Assistive technology, commonly known as AT, can be as complex as a home automation system or as simple as modified cutlery.
But the desired result is the same, in that anything which helps people independently perform daily activities can be considered AT.
It can be included in a participant’s National Disability Insurance Scheme (NDIS) plan where it is a reasonable and necessary support that will meet their needs and help them pursue their goals.
Most of us use AT in our everyday lives, this could be a television remote or a robotic vacuum cleaner.
For people with disability, AT helps them reach their potential at home, in the community and the workplace by helping them independently perform daily activities.

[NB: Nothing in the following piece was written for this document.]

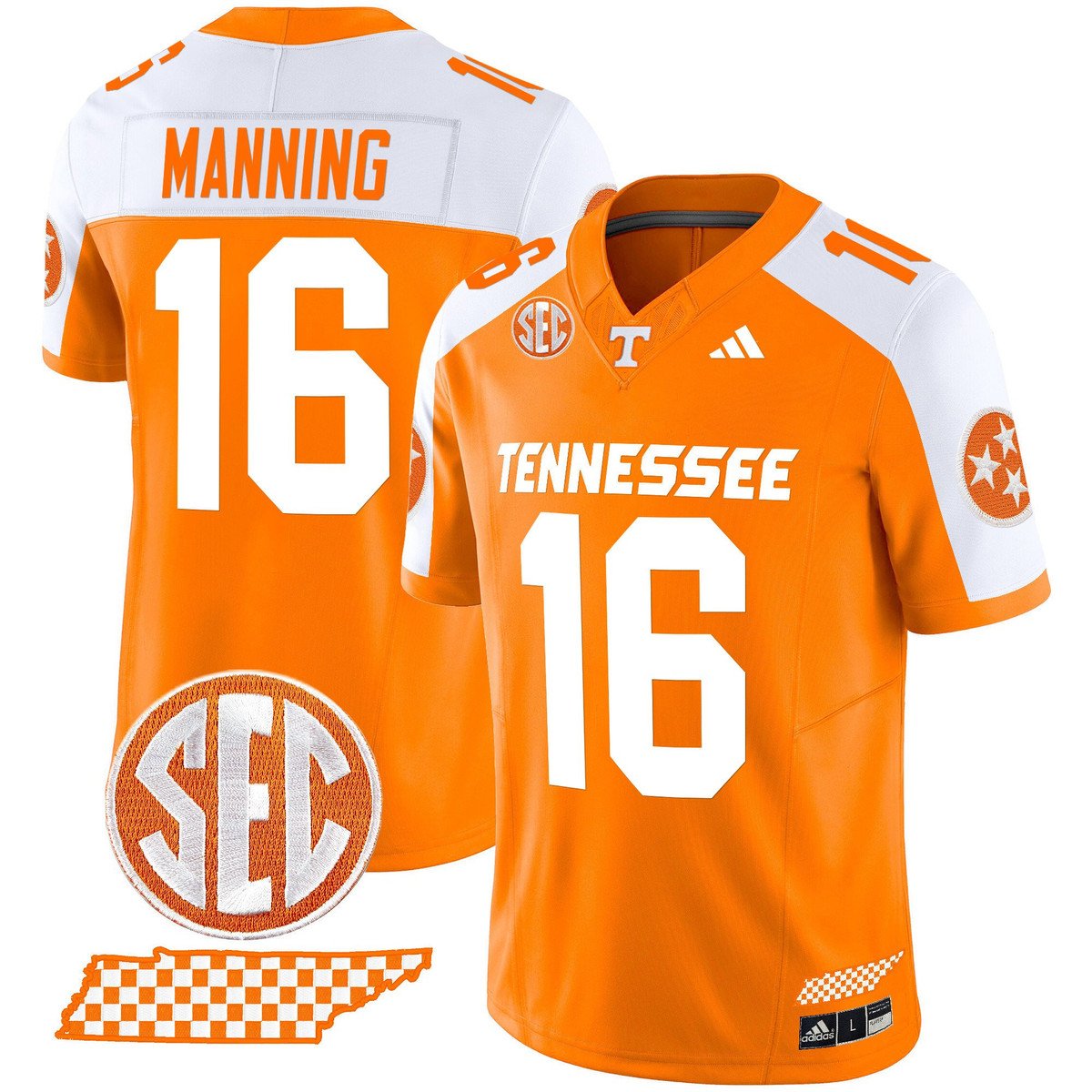 Peyton Manning Jersey #16 Tennessee Vols Rebrand 2026 Checkerboard Orange Alter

AT is the blanket term for any piece of equipment, software program or system that provides practical solutions to everyday life activities and can improve, increase and maintain the functional capabilities of people with complex needs.
Some examples of AT are:
- Daily living aids including modified eating utensils, doorknob grippers and key turners
- Sensory aids including loop systems, magnifying lamps, hearing aids and Braille
- Seating and positioning aids for postural support including cushions, adapted seating and standing desks
- Mobility aids including wheelchairs, vehicle modifications and walking sticks
- Recreational aids including adaptive controls for video games, wheelchair accessible tents and adaptive fishing rods or golf clubs
- Home/workplace modifications including ramps, accessible bathrooms, lifts and widened doorways
- Communication devices help people communicate through specialised software including apps
- Prosthetics and orthotics including artificial limbs or other orthotic items
- Computer access aids including modified or alternate keyboards, voice to text software and touch screens
As part of the NDIS Partners in the Community program, APM Communities help people with disability in several regions in Western Australia, Queensland and the Northern Territory to access support.